İnternette dolaşan asırlık bayat hurafe
Sual: İnternette dolaşan Ş. Ahmet Vasiyetnamesi neyin nesidir?
CEVAP
1950’de Şeyh Ahmet Vasiyetnamesi diye, İslam harfleri ile yazılı küçük bir
risale okumuştum. Daha sonra bu risale kağıtlara basıldı. Şimdi internet çıkınca,
misyonerler tarafından tekrar yayılmasına çalışıldığı görülüyor.
Okuyucularımızın bu bayat hurafeye alet olmaması için tekrar yazmak zorunda
kaldık. Zamanla bu yazı duruma göre değiştirilmiş. Eskiden bunu yazana Türbe
bekçisi deniyordu. Daha sonra Harem anahtarının taşıyıcısı dendi.
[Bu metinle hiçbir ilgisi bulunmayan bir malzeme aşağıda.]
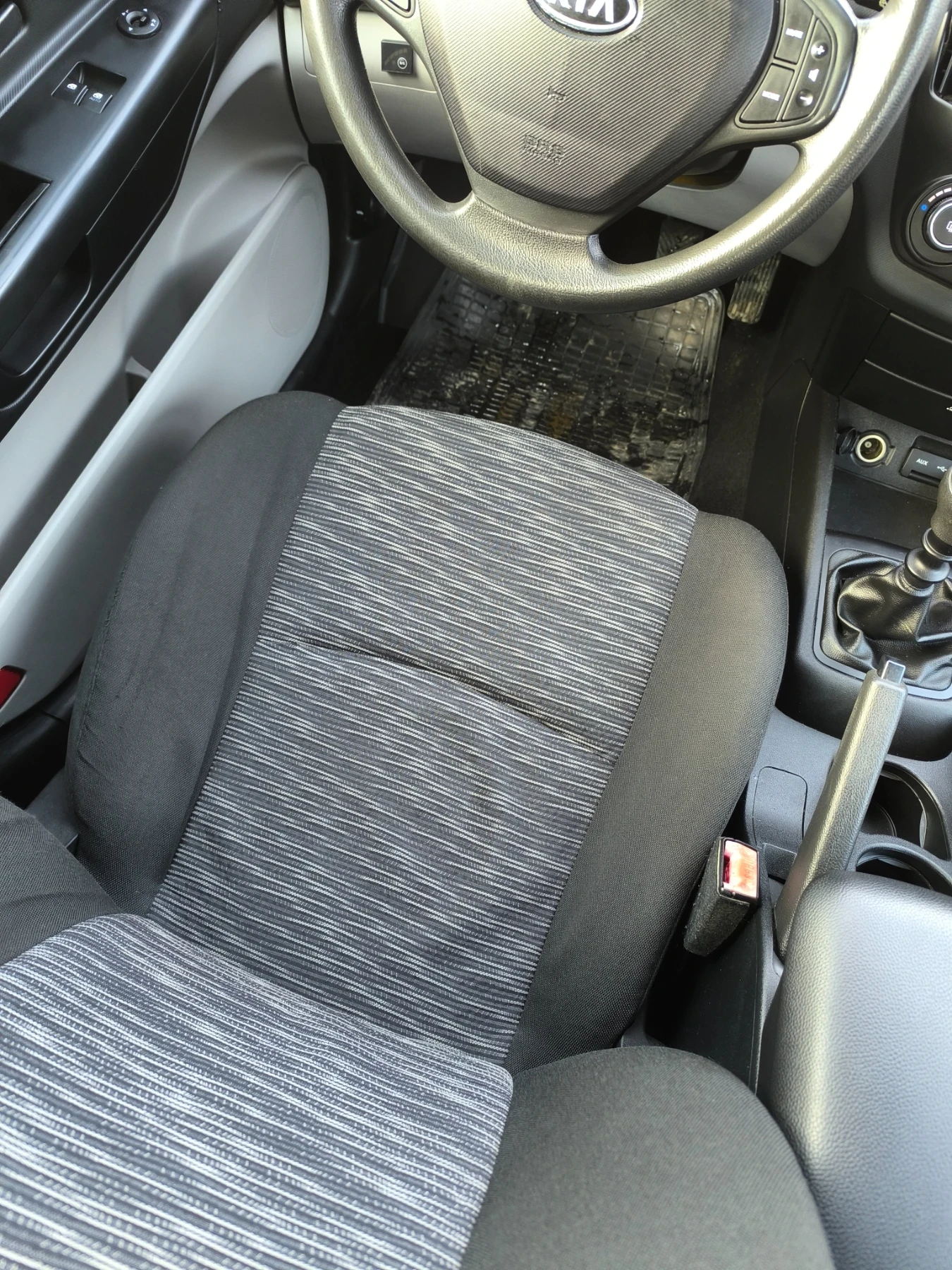 Kia Ceed 1, 4 бен/газ реялни 135000км, обслужен, надежден , снимка 9 - Автомобили и джипове - 53807612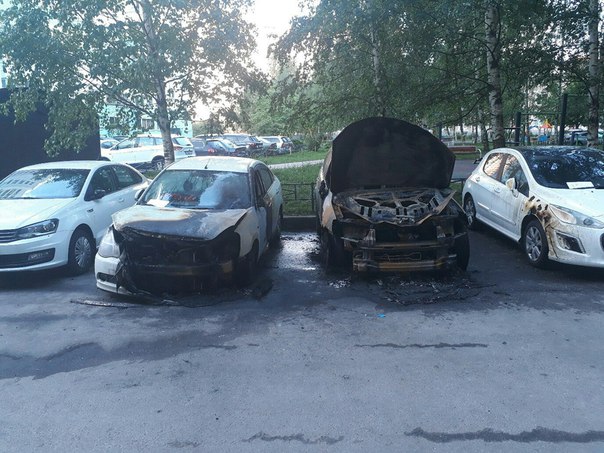 На Богатырском проспекте у дома 53 корпус 3 ночью от огня пострадали 4 автомобиля.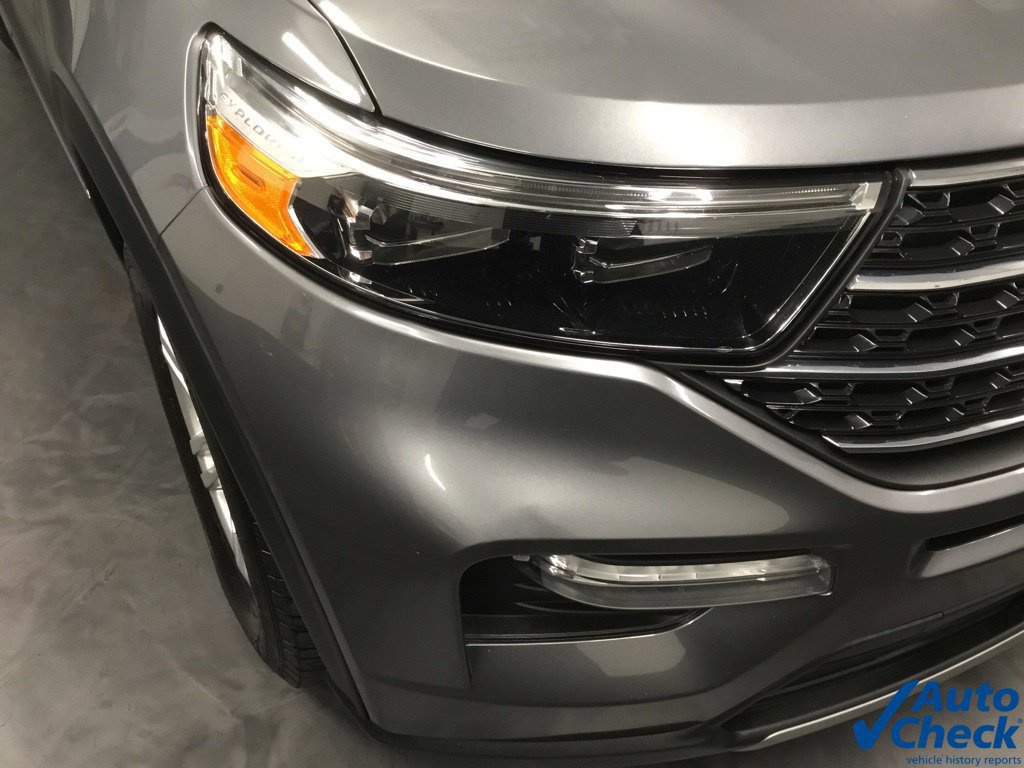 Used 2022 Ford Explorer XLT w/ Equipment Group 202A AWD/4WD image 18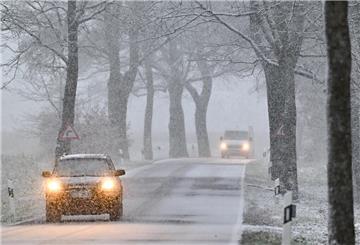 Wintereinbruch in Niedersachsen führt zu mehreren Unfällen. 
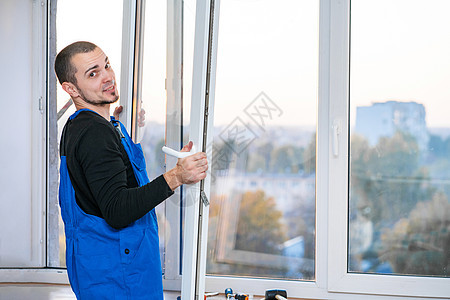 修理和安装窗户专业硕士 在工作时修补和安装窗户图片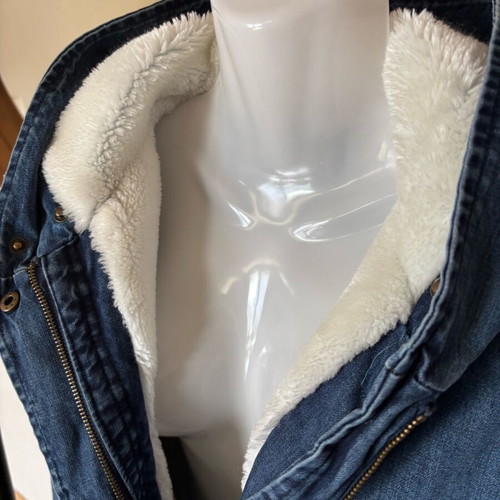 Di&A denim coat size M like new with inner fur and hood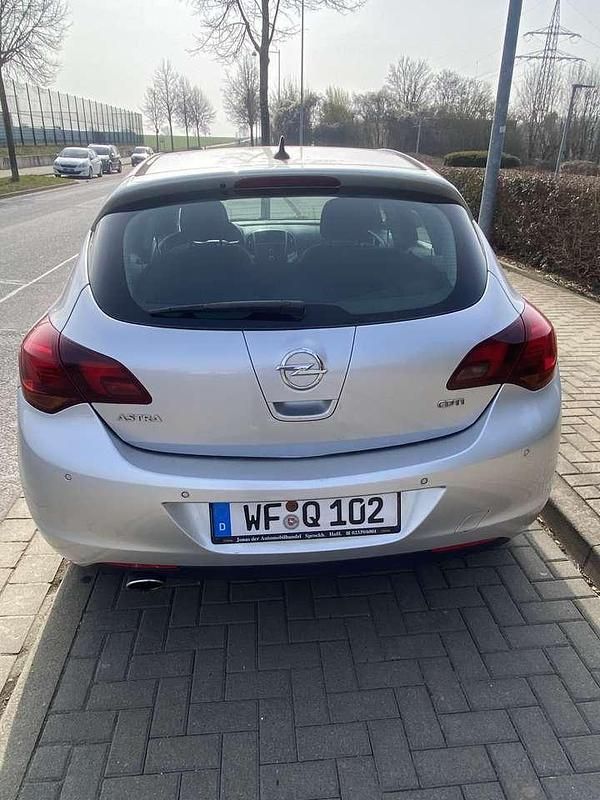 Gebraucht Opel Astra Cosmo 160 PS (117 kW) 2010 Grau Kleinwagen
Şimdi ise, Türbe-i şerif hatibi deniyor. Bu adama rüyada denmiş ki:
(Kıyamet alametleri çıkıyor. Çok yakında 3 gece güneş tutulacak üç gün sonra
batıdan doğacak, Kur’an insanların gözüne görülmeyecektir. Kim vasiyetnameyi
işitip de yazmazsa bir yere göndermezse, yüzü kara ola. Vallahülazim bu
vasiyetnamede yanlışım varsa, öbür dünyaya imansız gideyim.)
Bu, misyonerler tarafından dinimize hurafe sokmak için sinsice ve çok cahilce
uydurulmuş bir hezeyan namedir. Maksatları, İslam’a hurafe sokmaya çalışmak,
zihinleri bulandırmak, az da olsa, böyle basit yazılarla Müslümanları meşgul
etmek, ciddi konulara eğilmeyi önlemektir. Eskiden (Yalan söylüyorsam kâfir
olayım) denirken, şimdi Bu dünyadan imansız gideyim deniyor. Her iki sözü
söyleyen Müslüman ise kâfir olur. Böyle yemin caiz değildir. Hadis-i şerifte,
(Allah’tan başkası için yemin etmek şirktir) buyuruluyor.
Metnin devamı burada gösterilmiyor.